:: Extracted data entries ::

====

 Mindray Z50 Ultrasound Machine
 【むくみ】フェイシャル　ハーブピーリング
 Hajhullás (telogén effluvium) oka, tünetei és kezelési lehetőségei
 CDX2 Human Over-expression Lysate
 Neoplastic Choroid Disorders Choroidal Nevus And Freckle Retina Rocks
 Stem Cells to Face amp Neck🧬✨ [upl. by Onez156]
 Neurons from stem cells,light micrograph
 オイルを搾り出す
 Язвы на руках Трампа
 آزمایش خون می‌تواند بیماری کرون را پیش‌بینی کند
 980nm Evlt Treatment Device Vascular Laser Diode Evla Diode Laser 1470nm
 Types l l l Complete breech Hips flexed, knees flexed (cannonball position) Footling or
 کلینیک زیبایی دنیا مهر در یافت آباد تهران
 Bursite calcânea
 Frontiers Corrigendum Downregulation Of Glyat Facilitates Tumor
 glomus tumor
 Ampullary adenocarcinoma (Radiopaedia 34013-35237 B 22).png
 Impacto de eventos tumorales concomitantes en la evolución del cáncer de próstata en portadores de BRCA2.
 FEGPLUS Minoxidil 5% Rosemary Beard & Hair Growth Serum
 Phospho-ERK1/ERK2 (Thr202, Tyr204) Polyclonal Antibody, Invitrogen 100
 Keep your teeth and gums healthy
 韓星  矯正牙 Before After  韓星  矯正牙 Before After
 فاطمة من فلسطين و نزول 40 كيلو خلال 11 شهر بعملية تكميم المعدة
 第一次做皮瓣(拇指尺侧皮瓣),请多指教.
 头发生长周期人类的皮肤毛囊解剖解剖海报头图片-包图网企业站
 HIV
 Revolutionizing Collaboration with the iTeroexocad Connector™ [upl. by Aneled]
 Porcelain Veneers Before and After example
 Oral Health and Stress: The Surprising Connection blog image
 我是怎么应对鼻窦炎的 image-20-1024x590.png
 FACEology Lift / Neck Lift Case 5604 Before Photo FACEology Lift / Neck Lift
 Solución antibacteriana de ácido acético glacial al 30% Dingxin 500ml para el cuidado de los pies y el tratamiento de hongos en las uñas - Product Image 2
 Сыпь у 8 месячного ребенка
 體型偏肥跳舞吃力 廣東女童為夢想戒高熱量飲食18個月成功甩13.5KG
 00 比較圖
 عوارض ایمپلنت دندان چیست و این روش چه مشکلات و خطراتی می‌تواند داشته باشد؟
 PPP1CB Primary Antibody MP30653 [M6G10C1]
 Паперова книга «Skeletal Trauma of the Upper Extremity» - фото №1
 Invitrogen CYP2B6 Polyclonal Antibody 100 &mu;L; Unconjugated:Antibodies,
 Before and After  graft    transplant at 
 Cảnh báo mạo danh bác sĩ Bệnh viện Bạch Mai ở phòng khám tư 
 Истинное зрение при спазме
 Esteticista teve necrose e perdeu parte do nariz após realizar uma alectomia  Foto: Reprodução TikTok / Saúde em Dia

====

:: Activity ::
Begin with the line above that has "Neoplastic Choroid Disorders" and continue through the line that has "我是怎么应对鼻窦炎的 image-20-1024x590.png", setting each one down exactly. Stop there.

:: Written response ::
 Neoplastic Choroid Disorders Choroidal Nevus And Freckle Retina Rocks
 Stem Cells to Face amp Neck🧬✨ [upl. by Onez156]
 Neurons from stem cells,light micrograph
 オイルを搾り出す
 Язвы на руках Трампа
 آزمایش خون می‌تواند بیماری کرون را پیش‌بینی کند
 980nm Evlt Treatment Device Vascular Laser Diode Evla Diode Laser 1470nm
 Types l l l Complete breech Hips flexed, knees flexed (cannonball position) Footling or
 کلینیک زیبایی دنیا مهر در یافت آباد تهران
 Bursite calcânea
 Frontiers Corrigendum Downregulation Of Glyat Facilitates Tumor
 glomus tumor
 Ampullary adenocarcinoma (Radiopaedia 34013-35237 B 22).png
 Impacto de eventos tumorales concomitantes en la evolución del cáncer de próstata en portadores de BRCA2.
 FEGPLUS Minoxidil 5% Rosemary Beard & Hair Growth Serum
 Phospho-ERK1/ERK2 (Thr202, Tyr204) Polyclonal Antibody, Invitrogen 100
 Keep your teeth and gums healthy
 韓星  矯正牙 Before After  韓星  矯正牙 Before After
 فاطمة من فلسطين و نزول 40 كيلو خلال 11 شهر بعملية تكميم المعدة
 第一次做皮瓣(拇指尺侧皮瓣),请多指教.
 头发生长周期人类的皮肤毛囊解剖解剖海报头图片-包图网企业站
 HIV
 Revolutionizing Collaboration with the iTeroexocad Connector™ [upl. by Aneled]
 Porcelain Veneers Before and After example
 Oral Health and Stress: The Surprising Connection blog image
 我是怎么应对鼻窦炎的 image-20-1024x590.png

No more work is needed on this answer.